Your instructions:
Reproduce the entries that follow, exactly and in full.

Record set:
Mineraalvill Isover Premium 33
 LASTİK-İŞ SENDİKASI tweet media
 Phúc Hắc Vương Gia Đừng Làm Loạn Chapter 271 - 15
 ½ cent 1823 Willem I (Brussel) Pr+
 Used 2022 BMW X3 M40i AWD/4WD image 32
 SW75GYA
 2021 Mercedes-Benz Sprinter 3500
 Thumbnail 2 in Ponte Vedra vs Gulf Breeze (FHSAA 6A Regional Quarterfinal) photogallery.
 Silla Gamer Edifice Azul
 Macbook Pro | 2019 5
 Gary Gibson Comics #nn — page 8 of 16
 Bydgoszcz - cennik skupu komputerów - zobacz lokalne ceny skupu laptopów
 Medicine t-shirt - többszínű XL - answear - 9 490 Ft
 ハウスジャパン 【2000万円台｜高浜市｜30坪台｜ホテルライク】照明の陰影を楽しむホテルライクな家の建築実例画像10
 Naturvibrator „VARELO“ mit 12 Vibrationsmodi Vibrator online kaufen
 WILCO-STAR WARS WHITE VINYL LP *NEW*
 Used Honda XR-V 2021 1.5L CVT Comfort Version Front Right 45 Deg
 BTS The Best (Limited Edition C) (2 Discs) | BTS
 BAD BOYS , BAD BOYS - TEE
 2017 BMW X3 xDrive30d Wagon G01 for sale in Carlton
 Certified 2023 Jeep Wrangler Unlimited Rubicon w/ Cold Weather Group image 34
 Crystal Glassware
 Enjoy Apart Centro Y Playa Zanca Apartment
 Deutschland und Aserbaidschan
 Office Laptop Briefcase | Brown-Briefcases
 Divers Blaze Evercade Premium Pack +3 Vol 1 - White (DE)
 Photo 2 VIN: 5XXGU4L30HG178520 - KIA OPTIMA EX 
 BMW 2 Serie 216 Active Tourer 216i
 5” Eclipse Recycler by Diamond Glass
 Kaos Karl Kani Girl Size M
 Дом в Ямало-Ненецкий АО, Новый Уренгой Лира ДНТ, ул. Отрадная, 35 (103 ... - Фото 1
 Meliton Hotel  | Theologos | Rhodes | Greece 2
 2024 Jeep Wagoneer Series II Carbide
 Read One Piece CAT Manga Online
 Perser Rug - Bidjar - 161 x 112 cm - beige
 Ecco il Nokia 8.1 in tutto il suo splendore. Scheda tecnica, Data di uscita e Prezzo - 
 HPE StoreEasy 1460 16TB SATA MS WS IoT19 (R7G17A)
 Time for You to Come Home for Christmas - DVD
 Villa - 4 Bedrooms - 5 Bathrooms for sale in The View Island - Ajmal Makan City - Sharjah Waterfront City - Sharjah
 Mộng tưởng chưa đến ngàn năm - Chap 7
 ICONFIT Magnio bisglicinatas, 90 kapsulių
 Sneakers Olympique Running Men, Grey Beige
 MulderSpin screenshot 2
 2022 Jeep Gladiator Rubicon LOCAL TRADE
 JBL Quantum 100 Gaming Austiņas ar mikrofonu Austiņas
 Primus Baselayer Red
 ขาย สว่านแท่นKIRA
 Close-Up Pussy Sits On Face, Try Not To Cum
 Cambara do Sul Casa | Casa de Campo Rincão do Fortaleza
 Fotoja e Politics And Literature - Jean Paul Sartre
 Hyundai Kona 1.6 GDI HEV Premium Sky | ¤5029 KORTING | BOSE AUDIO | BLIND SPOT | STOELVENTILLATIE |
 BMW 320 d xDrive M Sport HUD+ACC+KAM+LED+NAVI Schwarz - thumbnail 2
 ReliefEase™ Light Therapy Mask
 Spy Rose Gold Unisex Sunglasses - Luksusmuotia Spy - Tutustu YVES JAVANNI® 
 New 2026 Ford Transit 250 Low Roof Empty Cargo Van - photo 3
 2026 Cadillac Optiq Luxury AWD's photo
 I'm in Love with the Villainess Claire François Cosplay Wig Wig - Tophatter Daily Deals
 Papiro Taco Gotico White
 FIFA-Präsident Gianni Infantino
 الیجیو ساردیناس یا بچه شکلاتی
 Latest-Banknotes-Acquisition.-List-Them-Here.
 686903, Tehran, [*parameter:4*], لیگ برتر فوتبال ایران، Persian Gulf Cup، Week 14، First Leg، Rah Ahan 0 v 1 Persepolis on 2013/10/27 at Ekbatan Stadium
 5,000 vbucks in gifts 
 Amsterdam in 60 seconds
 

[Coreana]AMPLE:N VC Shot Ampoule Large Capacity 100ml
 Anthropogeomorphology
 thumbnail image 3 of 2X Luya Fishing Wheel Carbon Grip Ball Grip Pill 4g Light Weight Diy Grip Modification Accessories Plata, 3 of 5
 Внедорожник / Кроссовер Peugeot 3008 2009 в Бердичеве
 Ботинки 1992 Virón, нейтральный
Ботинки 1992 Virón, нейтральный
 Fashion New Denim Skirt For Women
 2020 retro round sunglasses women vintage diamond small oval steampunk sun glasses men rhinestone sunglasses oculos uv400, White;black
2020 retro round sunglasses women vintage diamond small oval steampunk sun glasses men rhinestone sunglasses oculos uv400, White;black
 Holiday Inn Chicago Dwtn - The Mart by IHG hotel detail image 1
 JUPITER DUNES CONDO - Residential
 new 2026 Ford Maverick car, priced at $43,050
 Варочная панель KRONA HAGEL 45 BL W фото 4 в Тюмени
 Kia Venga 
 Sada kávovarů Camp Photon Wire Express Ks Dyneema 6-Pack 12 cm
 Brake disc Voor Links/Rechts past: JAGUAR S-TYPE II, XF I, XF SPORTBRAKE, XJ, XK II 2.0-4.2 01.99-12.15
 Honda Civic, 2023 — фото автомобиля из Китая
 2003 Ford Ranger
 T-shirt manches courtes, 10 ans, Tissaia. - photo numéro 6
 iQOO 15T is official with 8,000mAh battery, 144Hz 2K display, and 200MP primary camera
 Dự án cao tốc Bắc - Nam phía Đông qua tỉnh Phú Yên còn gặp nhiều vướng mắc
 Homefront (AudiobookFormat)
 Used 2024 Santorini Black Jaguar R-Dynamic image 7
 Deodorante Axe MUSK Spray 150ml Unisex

Response area:
Mineraalvill Isover Premium 33
 LASTİK-İŞ SENDİKASI tweet media
 Phúc Hắc Vương Gia Đừng Làm Loạn Chapter 271 - 15
 ½ cent 1823 Willem I (Brussel) Pr+
 Used 2022 BMW X3 M40i AWD/4WD image 32
 SW75GYA
 2021 Mercedes-Benz Sprinter 3500
 Thumbnail 2 in Ponte Vedra vs Gulf Breeze (FHSAA 6A Regional Quarterfinal) photogallery.
 Silla Gamer Edifice Azul
 Macbook Pro | 2019 5
 Gary Gibson Comics #nn — page 8 of 16
 Bydgoszcz - cennik skupu komputerów - zobacz lokalne ceny skupu laptopów
 Medicine t-shirt - többszínű XL - answear - 9 490 Ft
 ハウスジャパン 【2000万円台｜高浜市｜30坪台｜ホテルライク】照明の陰影を楽しむホテルライクな家の建築実例画像10
 Naturvibrator „VARELO“ mit 12 Vibrationsmodi Vibrator online kaufen
 WILCO-STAR WARS WHITE VINYL LP *NEW*
 Used Honda XR-V 2021 1.5L CVT Comfort Version Front Right 45 Deg
 BTS The Best (Limited Edition C) (2 Discs) | BTS
 BAD BOYS , BAD BOYS - TEE
 2017 BMW X3 xDrive30d Wagon G01 for sale in Carlton
 Certified 2023 Jeep Wrangler Unlimited Rubicon w/ Cold Weather Group image 34
 Crystal Glassware
 Enjoy Apart Centro Y Playa Zanca Apartment
 Deutschland und Aserbaidschan
 Office Laptop Briefcase | Brown-Briefcases
 Divers Blaze Evercade Premium Pack +3 Vol 1 - White (DE)
 Photo 2 VIN: 5XXGU4L30HG178520 - KIA OPTIMA EX 
 BMW 2 Serie 216 Active Tourer 216i
 5” Eclipse Recycler by Diamond Glass
 Kaos Karl Kani Girl Size M
 Дом в Ямало-Ненецкий АО, Новый Уренгой Лира ДНТ, ул. Отрадная, 35 (103 ... - Фото 1
 Meliton Hotel  | Theologos | Rhodes | Greece 2
 2024 Jeep Wagoneer Series II Carbide
 Read One Piece CAT Manga Online
 Perser Rug - Bidjar - 161 x 112 cm - beige
 Ecco il Nokia 8.1 in tutto il suo splendore. Scheda tecnica, Data di uscita e Prezzo - 
 HPE StoreEasy 1460 16TB SATA MS WS IoT19 (R7G17A)
 Time for You to Come Home for Christmas - DVD
 Villa - 4 Bedrooms - 5 Bathrooms for sale in The View Island - Ajmal Makan City - Sharjah Waterfront City - Sharjah
 Mộng tưởng chưa đến ngàn năm - Chap 7
 ICONFIT Magnio bisglicinatas, 90 kapsulių
 Sneakers Olympique Running Men, Grey Beige
 MulderSpin screenshot 2
 2022 Jeep Gladiator Rubicon LOCAL TRADE
 JBL Quantum 100 Gaming Austiņas ar mikrofonu Austiņas
 Primus Baselayer Red
 ขาย สว่านแท่นKIRA
 Close-Up Pussy Sits On Face, Try Not To Cum
 Cambara do Sul Casa | Casa de Campo Rincão do Fortaleza
 Fotoja e Politics And Literature - Jean Paul Sartre
 Hyundai Kona 1.6 GDI HEV Premium Sky | ¤5029 KORTING | BOSE AUDIO | BLIND SPOT | STOELVENTILLATIE |
 BMW 320 d xDrive M Sport HUD+ACC+KAM+LED+NAVI Schwarz - thumbnail 2
 ReliefEase™ Light Therapy Mask
 Spy Rose Gold Unisex Sunglasses - Luksusmuotia Spy - Tutustu YVES JAVANNI® 
 New 2026 Ford Transit 250 Low Roof Empty Cargo Van - photo 3
 2026 Cadillac Optiq Luxury AWD's photo
 I'm in Love with the Villainess Claire François Cosplay Wig Wig - Tophatter Daily Deals
 Papiro Taco Gotico White
 FIFA-Präsident Gianni Infantino
 الیجیو ساردیناس یا بچه شکلاتی
 Latest-Banknotes-Acquisition.-List-Them-Here.
 686903, Tehran, [*parameter:4*], لیگ برتر فوتبال ایران، Persian Gulf Cup، Week 14، First Leg، Rah Ahan 0 v 1 Persepolis on 2013/10/27 at Ekbatan Stadium
 5,000 vbucks in gifts 
 Amsterdam in 60 seconds
 

[Coreana]AMPLE:N VC Shot Ampoule Large Capacity 100ml
 Anthropogeomorphology
 thumbnail image 3 of 2X Luya Fishing Wheel Carbon Grip Ball Grip Pill 4g Light Weight Diy Grip Modification Accessories Plata, 3 of 5
 Внедорожник / Кроссовер Peugeot 3008 2009 в Бердичеве
 Ботинки 1992 Virón, нейтральный
Ботинки 1992 Virón, нейтральный
 Fashion New Denim Skirt For Women
 2020 retro round sunglasses women vintage diamond small oval steampunk sun glasses men rhinestone sunglasses oculos uv400, White;black
2020 retro round sunglasses women vintage diamond small oval steampunk sun glasses men rhinestone sunglasses oculos uv400, White;black
 Holiday Inn Chicago Dwtn - The Mart by IHG hotel detail image 1
 JUPITER DUNES CONDO - Residential
 new 2026 Ford Maverick car, priced at $43,050
 Варочная панель KRONA HAGEL 45 BL W фото 4 в Тюмени
 Kia Venga 
 Sada kávovarů Camp Photon Wire Express Ks Dyneema 6-Pack 12 cm
 Brake disc Voor Links/Rechts past: JAGUAR S-TYPE II, XF I, XF SPORTBRAKE, XJ, XK II 2.0-4.2 01.99-12.15
 Honda Civic, 2023 — фото автомобиля из Китая
 2003 Ford Ranger
 T-shirt manches courtes, 10 ans, Tissaia. - photo numéro 6
 iQOO 15T is official with 8,000mAh battery, 144Hz 2K display, and 200MP primary camera
 Dự án cao tốc Bắc - Nam phía Đông qua tỉnh Phú Yên còn gặp nhiều vướng mắc
 Homefront (AudiobookFormat)
 Used 2024 Santorini Black Jaguar R-Dynamic image 7
 Deodorante Axe MUSK Spray 150ml Unisex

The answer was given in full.